I have another appointment, with different Parenting Coach. Will be interested to hear if it's exact same, or different. Will attend without youngest this time... this time just for me.
Switching back to Thursday evening's parenting coach appointment.... DD16 and I were a few minutes late coming from Japan meeting... dd going very soon on school trip, and we wheeled into the wrong parking lot. I left DD the keys, and money for parking, figured out the quickest way TO the front door was UP a very steep 2 part hill, so dug my heels in, and hustled to the appointment, which was harder still, bc T not listed ANYWHERE, and she finally picked up the phone. Just a lot of chaos, which seems to me is typical in my life.
Building was an old girl's school.... very historical, and charming and brick, with high ceilings, and cool fireplaces, and trim. Loved it. So, I get UP the hill, find the T, and we have very long meeting... we were her last appointment.... we get out by 9:30 PM, and I'm too tired to go BACK DOWN the hill, so I ask how to get out at so that we're at the right level. T leads us downstairs, and we pop into an empty parking lot at the back of the building.
We don't see the car. We're tired, and having trouble orienting. DD treks off in wrong direction, away from car.

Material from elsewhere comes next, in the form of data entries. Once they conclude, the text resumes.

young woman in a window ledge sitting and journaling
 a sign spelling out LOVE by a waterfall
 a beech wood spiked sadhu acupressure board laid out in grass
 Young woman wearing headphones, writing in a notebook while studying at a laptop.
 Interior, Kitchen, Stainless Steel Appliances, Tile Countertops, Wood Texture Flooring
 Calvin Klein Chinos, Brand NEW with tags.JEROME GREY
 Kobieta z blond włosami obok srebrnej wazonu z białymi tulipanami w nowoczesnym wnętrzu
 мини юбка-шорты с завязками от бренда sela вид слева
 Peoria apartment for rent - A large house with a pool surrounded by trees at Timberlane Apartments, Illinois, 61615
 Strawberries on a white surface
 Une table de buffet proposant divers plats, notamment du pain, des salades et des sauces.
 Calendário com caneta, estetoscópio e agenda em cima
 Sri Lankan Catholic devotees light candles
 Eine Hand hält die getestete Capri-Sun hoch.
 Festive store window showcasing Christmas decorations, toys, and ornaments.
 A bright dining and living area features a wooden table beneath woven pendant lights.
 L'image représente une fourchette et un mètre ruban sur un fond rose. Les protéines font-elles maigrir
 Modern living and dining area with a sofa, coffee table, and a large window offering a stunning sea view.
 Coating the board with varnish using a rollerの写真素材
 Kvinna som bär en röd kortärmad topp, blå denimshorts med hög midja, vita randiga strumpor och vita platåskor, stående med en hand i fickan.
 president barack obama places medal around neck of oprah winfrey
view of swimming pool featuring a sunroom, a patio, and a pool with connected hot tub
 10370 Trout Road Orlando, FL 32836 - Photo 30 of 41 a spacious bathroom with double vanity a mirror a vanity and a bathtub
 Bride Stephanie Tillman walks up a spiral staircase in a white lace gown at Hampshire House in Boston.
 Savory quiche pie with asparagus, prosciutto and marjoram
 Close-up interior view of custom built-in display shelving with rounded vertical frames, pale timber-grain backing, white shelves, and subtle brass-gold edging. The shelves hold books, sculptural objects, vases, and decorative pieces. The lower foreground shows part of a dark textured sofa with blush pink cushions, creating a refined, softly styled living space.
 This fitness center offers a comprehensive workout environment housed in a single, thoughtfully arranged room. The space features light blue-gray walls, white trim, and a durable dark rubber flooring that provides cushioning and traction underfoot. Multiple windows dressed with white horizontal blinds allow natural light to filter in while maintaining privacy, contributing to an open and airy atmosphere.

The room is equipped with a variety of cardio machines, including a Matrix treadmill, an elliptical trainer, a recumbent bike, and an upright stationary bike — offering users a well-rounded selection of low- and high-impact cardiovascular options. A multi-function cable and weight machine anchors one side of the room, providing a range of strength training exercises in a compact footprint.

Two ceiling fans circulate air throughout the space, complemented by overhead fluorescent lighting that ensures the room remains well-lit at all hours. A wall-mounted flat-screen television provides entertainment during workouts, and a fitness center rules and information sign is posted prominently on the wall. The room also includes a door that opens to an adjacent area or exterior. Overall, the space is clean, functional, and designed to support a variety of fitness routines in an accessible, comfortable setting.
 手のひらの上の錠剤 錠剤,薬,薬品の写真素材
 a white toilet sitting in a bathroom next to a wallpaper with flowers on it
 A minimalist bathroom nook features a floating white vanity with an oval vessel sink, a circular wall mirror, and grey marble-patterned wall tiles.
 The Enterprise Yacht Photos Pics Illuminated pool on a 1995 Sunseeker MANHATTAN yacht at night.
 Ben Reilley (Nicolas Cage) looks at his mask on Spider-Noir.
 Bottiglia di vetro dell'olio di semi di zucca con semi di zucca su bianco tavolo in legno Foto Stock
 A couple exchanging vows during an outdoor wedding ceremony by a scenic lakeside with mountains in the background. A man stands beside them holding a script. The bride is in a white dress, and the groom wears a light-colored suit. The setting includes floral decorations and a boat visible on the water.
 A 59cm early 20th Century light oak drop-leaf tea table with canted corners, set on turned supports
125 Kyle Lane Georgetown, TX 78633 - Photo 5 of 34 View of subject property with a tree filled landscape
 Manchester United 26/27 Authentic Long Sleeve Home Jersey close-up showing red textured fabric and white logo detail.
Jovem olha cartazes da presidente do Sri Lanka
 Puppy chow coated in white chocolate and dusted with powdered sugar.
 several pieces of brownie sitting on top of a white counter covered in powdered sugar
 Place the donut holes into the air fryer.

I realized we're in the wrong lot, and there are 10', 6', and 4' retaining walls leading to our lot, only. Suddenly, I'm longing for the steep embankment again.
Good grief..... I'm looking for another way around, and DD insists we can do this.... and I KNOW we can, but must we? And she's lining herself up, as I'm thinking of all the things that can go wrong.... her knees, my shoulders. DD launches, and sticks the landing.
Her legs are considerably longer than mine, I notice, as I'm lining up the same launch. The grounds still seems pretty far away, even with legs a'dangling, and then I shift all weight to my hands. All systems CHECK.
Something I didn't pay attention to was my coat sleeves.... doubled over folded, and the left slips. My hand violently shifts OFF the wall, and there's HUGE motion in the air (I don't know what it is, bc my body does all it can do to remedy the situation, it's FAST) and I find myself on hands and knees, dress thrown over my head, but otherwise safe.
DD is standing there, facing me, hands raised as though to help. We laugh as dd explains she saw "legs splayed spread eagle in the air, blue panties", and then I was "suddenly in a ball" on the ground, ass out.
Somehow I stuck the landing, but for Pete's sake.....MUST THESE THINGS KEEP HAPPENING TO ME, over and over and over again. I feel as though it was a very good lesson in boundaries, and I failed miserably.
Attempts to piece together the flinging in the air, and landing always send us off in peels of laughter, so we aren't sure how that happened, but I'm reminded......
boundaries.
::nodding::.
Sometimes making up our minds to insist on better options, asking for them, and receiving less than required is an opportunity to INSIST on more options, even if it's not the easiest, or brings up discomfort at asking,when others want us to just say YES.
::shaking head::.
Took youngest dd downtown today, and she commented I was being "mean" to her. What I was doing was pointing out that I didn't want to go over the wall, or allow her to spend the night with a particular friend. I wasn't being mean, I was stating a boundarie, without emotion, and truly she wasn't used to hearing "NO" out of me.
We spoke till we both felt understood, then agreed we'd be kind to each other.... careful with each other. Mindful.
The journey continues.
I've been very busy, and away from the board. Not ignoring.